Makan siang yang membuat Edward menjadi kenyang, bahkan ia belum menyantap makan siangnya. Akhir-akhir ini nafsu makan istrinya itu sangat berlebihan, terkadang mencuri sebuah cemilan yang sudah disediakan oleh pelayan dikulkas dan diraup habis tanpa sisa. Edward bahkan tidak bisa menduga, jika istrinya itu meminta makan saat diwaktu yang tidak tepat, saat subuh sekali istrinya itu merengek meminta makan. Terpaksa Edward bangun, dan memasak untuk istrinya itu.

Tenang, Ashley tak mengidam yang macam-macam. Apapun yang bisa dimakan, maka disaat itulah Ashley memakannya tanpa meninggalkan sisa. Jangan salah, Edward kita ini bisa memasak, walaupun lumpuh, jangan salah menilainya. Saat Ashley mencicipi masakkan Edward, walau hanya nasi goreng dan telor mata sapi setengah matang, itu sudah membuat Ashley ketagihan. Edward pun tak tahu.

Saat ini Ashley sudah menghabiskan tiga porsi nasi putih dalam takaran besar, dan daging tumis balado buatan Edward. Melihat istrinya itu makan, Edward merasa kenyang. Ashley makan seperti orang tak makan berbulan-bulan, tepi bibirnya diselimuti oleh bumbu-bumbu makannya. Edward tak merasa jijik, ia bahkan sangat ingin meraup bibir itu, dan menghisapnya kuat. Ah betapa menggemaskannya istrinya itu.

"Ed.. Kau tak makan? Kenapa hanya memandangku?" Edward tersadar dari lamunannya. Ia melihat piring Ashley telah kosong dan bersih tanpa sisa nasi sebutirpun. Lalu ia melihat tatapan istrinya itu pada piringnya, dan daging tumis balado miliknya.

"Kau mau?" Ashley mengangguk. Edward menukarkan piring Ashley yang kosong dengan piringnya yang masih utuh dengan nasi dan daging tumis balado.

"Makanlah, habiskan." Ashley mengangguk dan tanpa basa-basi ia langsung melahap makan siang Edward, dan tanpa memikirkan Edward yang belum makan siang.

Seketika semua bersih, tanpa sisa. Namun, Ashley tersadar suaminya belum makan siang, ia telah memakan makanan suaminya. Ashley memasang wajah sedihnya, dan membuat Edward khawatir.

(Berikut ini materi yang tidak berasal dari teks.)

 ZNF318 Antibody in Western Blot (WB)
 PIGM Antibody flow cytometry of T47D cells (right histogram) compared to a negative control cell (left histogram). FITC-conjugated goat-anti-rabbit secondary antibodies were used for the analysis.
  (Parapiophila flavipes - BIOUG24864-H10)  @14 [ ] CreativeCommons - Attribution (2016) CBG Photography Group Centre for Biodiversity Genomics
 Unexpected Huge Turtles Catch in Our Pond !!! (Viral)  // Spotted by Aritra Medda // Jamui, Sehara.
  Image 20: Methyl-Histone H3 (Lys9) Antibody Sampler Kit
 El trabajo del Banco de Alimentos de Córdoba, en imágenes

"Sayang, ada apa? Apa ada yang sakit? Hah? Katakan?" Ashley menggeleng.

"Lalu?" tanya Edward, pria itu mendorong kursi rodanya dan mendekat kepada Ashley yang kini tengah menunduk.

"Aku sudah menghabiskan makan siangmu. Kenapa kau tidak memarahiku." ujar Ashley sambil tersedu-sedu.

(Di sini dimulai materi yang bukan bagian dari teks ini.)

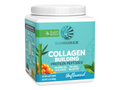Sunwarrior Plant-Based Collagen Protein Powder 500g Tub - Unflavoured 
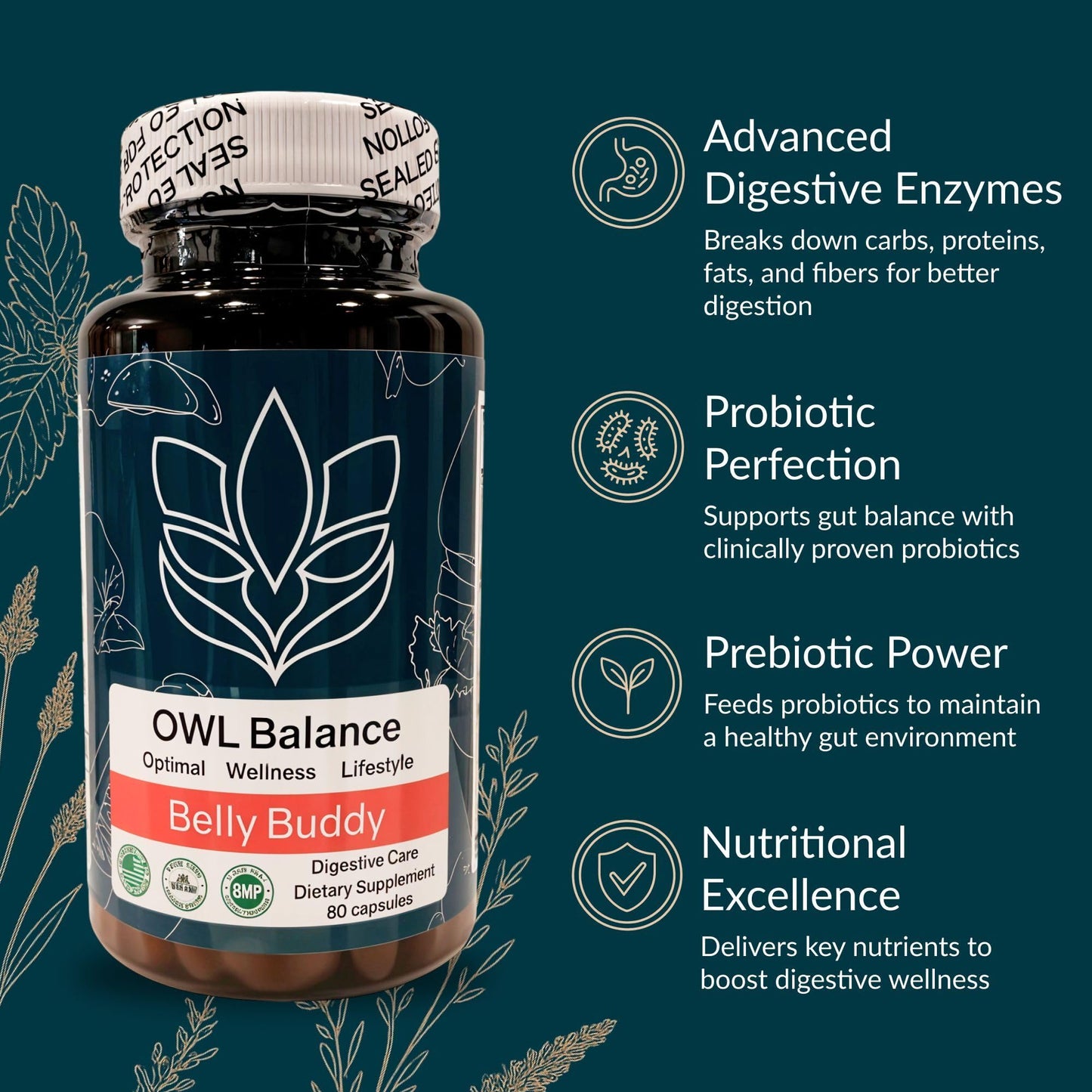 Belly Buddy Advanced Gut Health Support containing a helthy Blend of Probiotics, Prebiotics, and Digestive Enzymes - Maple Wellness Supplements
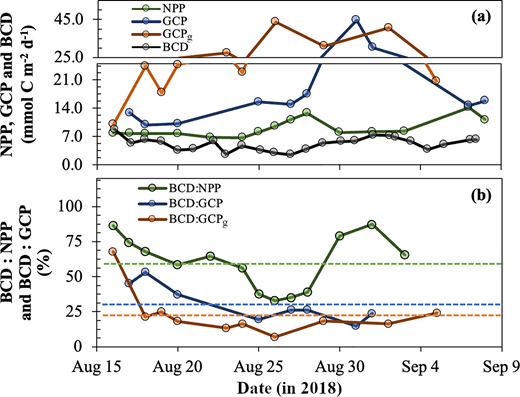 Temporal trends for NPP, GCP, GCPg and BCD integrated over the surface mixed layer. (a) Mixed layer integrated rates (volumetric rates multiplied by mixed layer depth) of net primary production (NPP), gross carbon production determined from 2-h 14CO2 uptake incubations (GCP), gross carbon production determined from daily changes in glider values of O2 (GCPg) and bacterioplankton carbon demand (BCD) versus time, and (b) ratios of BCD to NPP, BCD to GCP and BCD to GCPg. BCD was adjusted by 2 d as determined in the lagged correlation analysis. Note the break in the y-axis in (a) changes from a minor tick value spacing of 1.75 to 5 mmol C m−2 d−1.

Ini sudah sering terjadi, jadi sudah biasa bagi Edward. Istrinya itu akan menangis setelah ia mendapatkan semuanya, lalu memikirkan akhirnya. Disinilah yang membuat Edward gemas, istrinya itu tak akan berlama-lama menangis. Jadi tak masalah bagi Edward. Maklum, wanita hamil jadi emosionalnya naik-turun.

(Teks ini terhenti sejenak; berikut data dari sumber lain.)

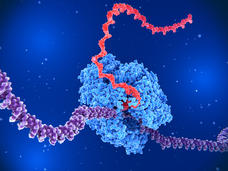 An illustration of an enzyme unwinding a DNA strand to produce an RNA strand.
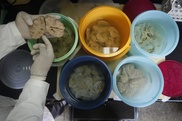 Study suggests brain protein as Alzheimer drug target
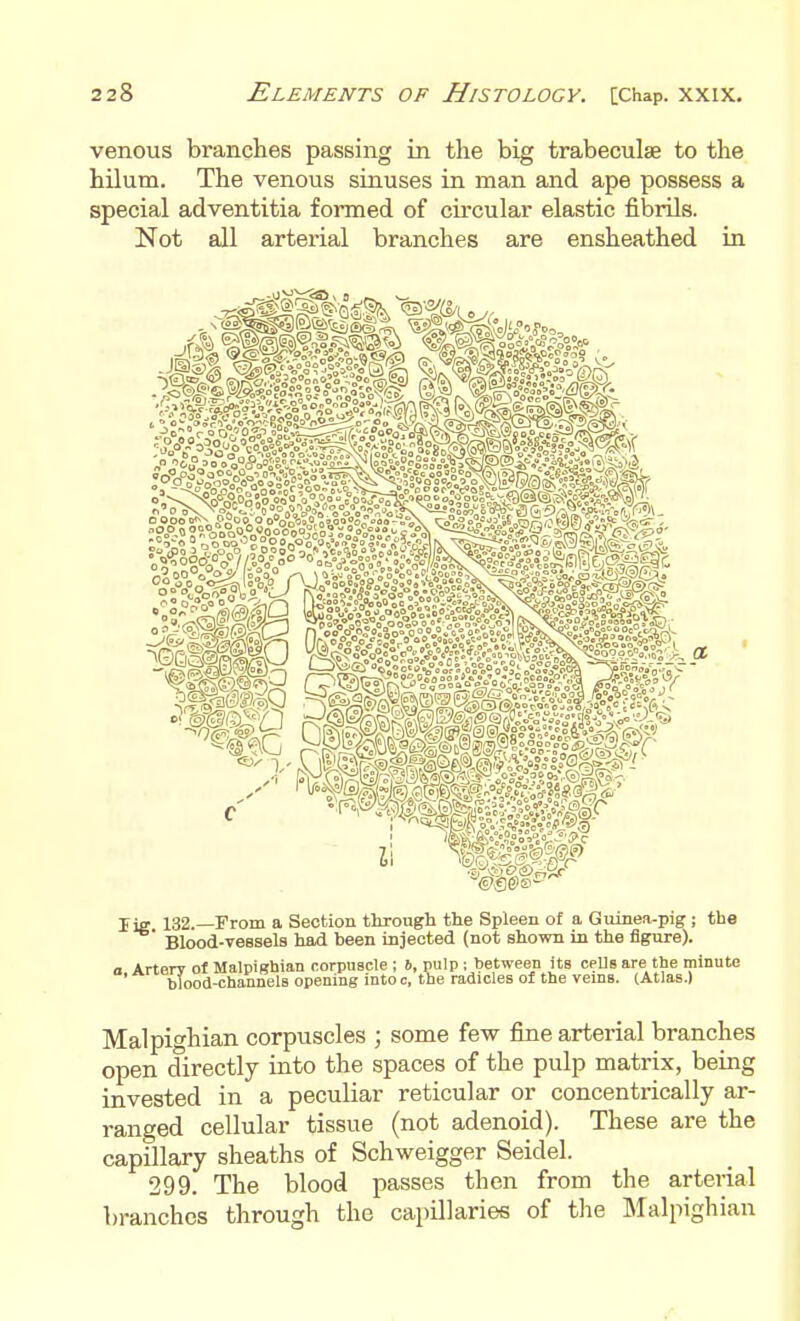 venous branches passing in the big trabeculse to the hilum. The venous sinuses in man and ape possess a special adventitia formed of circular elastic fibrils. Not all arterial branches are ensheathed in lig. 132.—From a Section through the Spleen of a Giiinea-pig; the Blood-vessels had been injected (not shown in the figure). a Artfirv of MalpiKbian corpuscle ; 6, pulp; between its cells are the minute tlood-channels opening into c, the radicles of the veins. (Atlas.) Malpighian corpuscles ; some few jBne arterial branches open directly into the spaces of the pulp matrix, being invested in a pecuUar reticular or concentrically ar- ranged cellular tissue (not adenoid). These are the capillary sheaths of Schweigger Seidel. 299. The blood passes then from the arterial branches through the capillaries of tlie IMalpighian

"Apa jika aku memarahimu itu akan mengembalikan makan siangku?" Ashley menggeleng.

"Lihat aku!" Ashley mengangkat wajahnya lalu memandang wajah Edward.

"Apa kau sudah kenyang?" Ashley mengangguk.

"Bagus. Aku juga ikut kenyang." senyum Edward membuat Ashley merasa baikkan.

"Tapi kau belum makan siang."

"Aku akan memakanmu saja nanti." ujar Edward sambil mengedipkan sebelah matanya.

"Dasar mesum, aku ingin menonton televisi." Edward terkekeh, Ashley meninggalkan Edward dimeja makan seorang diri.

Edward kini berfikir mencari cara untuk mengambil alih perusahaan itu, dan segera mencari tahu keberadaan ayah dan ibu kandungnya. Ia tak mungkin berlarut-larut menjadi pengangguran dan membiarkan Ashley bekerja sebagai seorang istri. Ia ingin memberikan yang terbaik bagi Ashley, cinta, uang, bahkan nyawanya juga ia akan pertaruhkan. Entah sejak kapan Edward seperti ini, terlalu jatuh cinta, bahkan sangat dalam dan terjerumus oleh lautan cinta Ashley.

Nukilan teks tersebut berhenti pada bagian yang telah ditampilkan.